Robert Williams witnessed a portion of the incident between the victim
and [petitioner]. On the evening of November 10, 2001, he witnessed a sport
utility vehicle park in front of an abandoned building near his residence.
Williams saw a white female and a male fighting near the rear of the vehicle.
He yelled at the man to stop, and the man ran toward him. As Williams
stepped back into his residence, the man ran by and disappeared behind a
building. Williams did not know if the man had a weapon and never got a
good look at his face. Shortly after the incident, Williams told police that he
thought the man was white. At trial, Williams was unsure whether the man
was black or white. He described the man as dark complected. According to
Williams, he may have assumed that the man was white because he noticed
that the victim is white.
Officer James Kellum was dispatched to the scene sometime after 10:00
p.m. The officer found the victim crying and bleeding. She described the
suspect as a black male, less than six feet tall, light complected, and wearing
a baseball cap. She also stated that the suspect had a foul body odor. After
conducting a search utilizing a dog and helicopter, the police were unable to
locate the suspect that night. However, a day or two later, Sergeant Ralph
Peperone received a memo indicating that a suspect matching the description
of the perpetrator with “a very strong body odor” had been transported to a
local hospital. On the morning of November 12, 2001, Peperone traveled to
the hospital and came into contact with the [petitioner]. He described the
[petitioner] as having a “strong body odor.” Following a conversation with the
[petitioner], Peperone thought that the man was a viable suspect.

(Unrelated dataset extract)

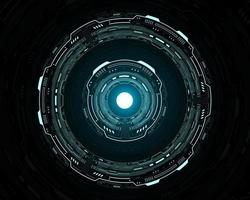 fictional circle futuristic interface technology hud. vector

The sergeant
prepared a photo spread containing the [petitioner]’s picture and contacted the
victim. The victim picked out the [petitioner] “virtually immediately.”

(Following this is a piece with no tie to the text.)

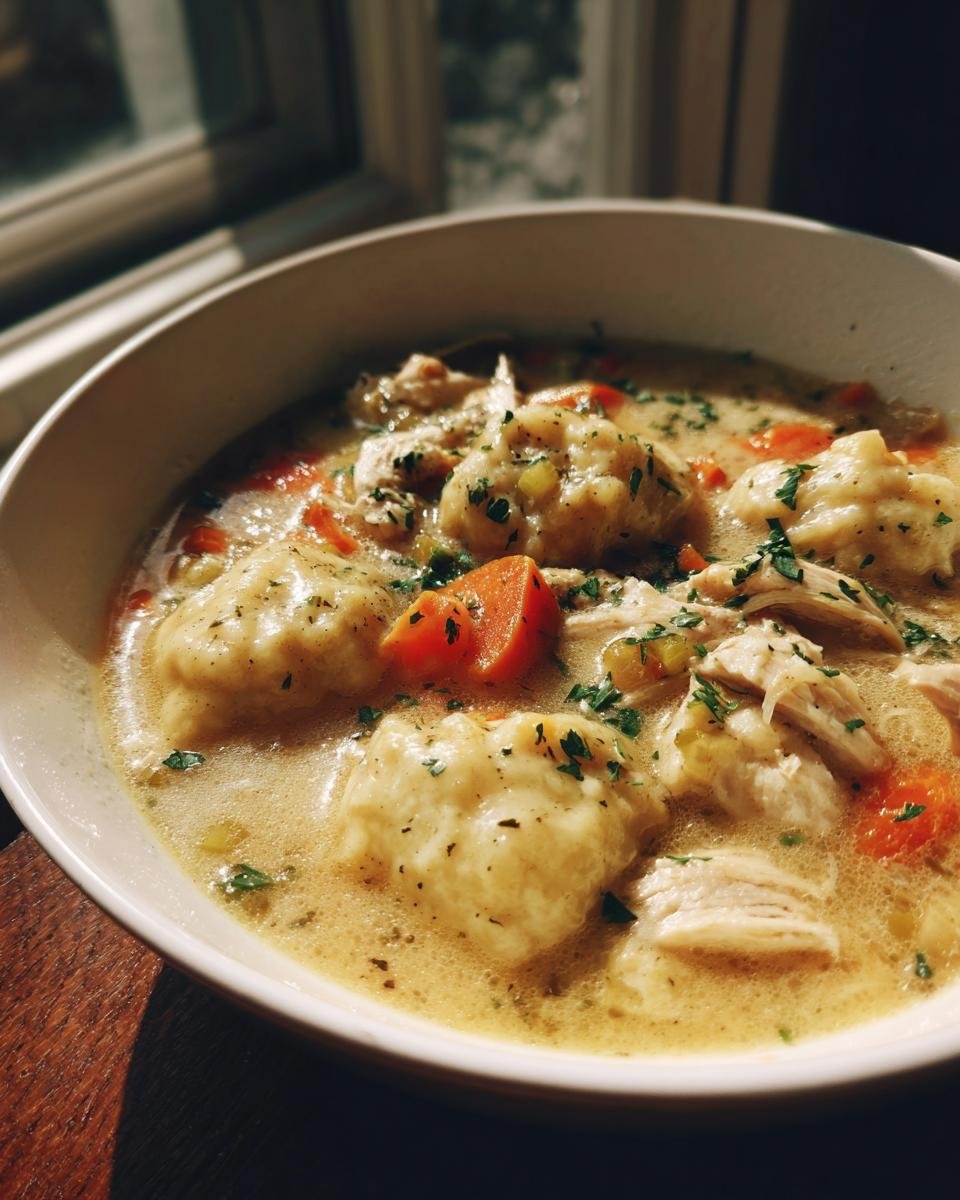 Cracker Barrel Style Chicken and Dumplings - detail 4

The [petitioner] testified that he was in the hospital recovering from an
assault by his friend, Darrell Jarrett. According to the [petitioner], the assault
occurred on November 10, 2001, between the hours of 10:00 p.m. and
midnight. Therefore, he could not have attacked the victim. However,
according to Sergeant Peperone, police records verified that Darrell Jarrett was
arrested at 8:45 p.m. on November 10, 2001, and was not released until 3:00
a.m. the next day.
Id. at *1-2.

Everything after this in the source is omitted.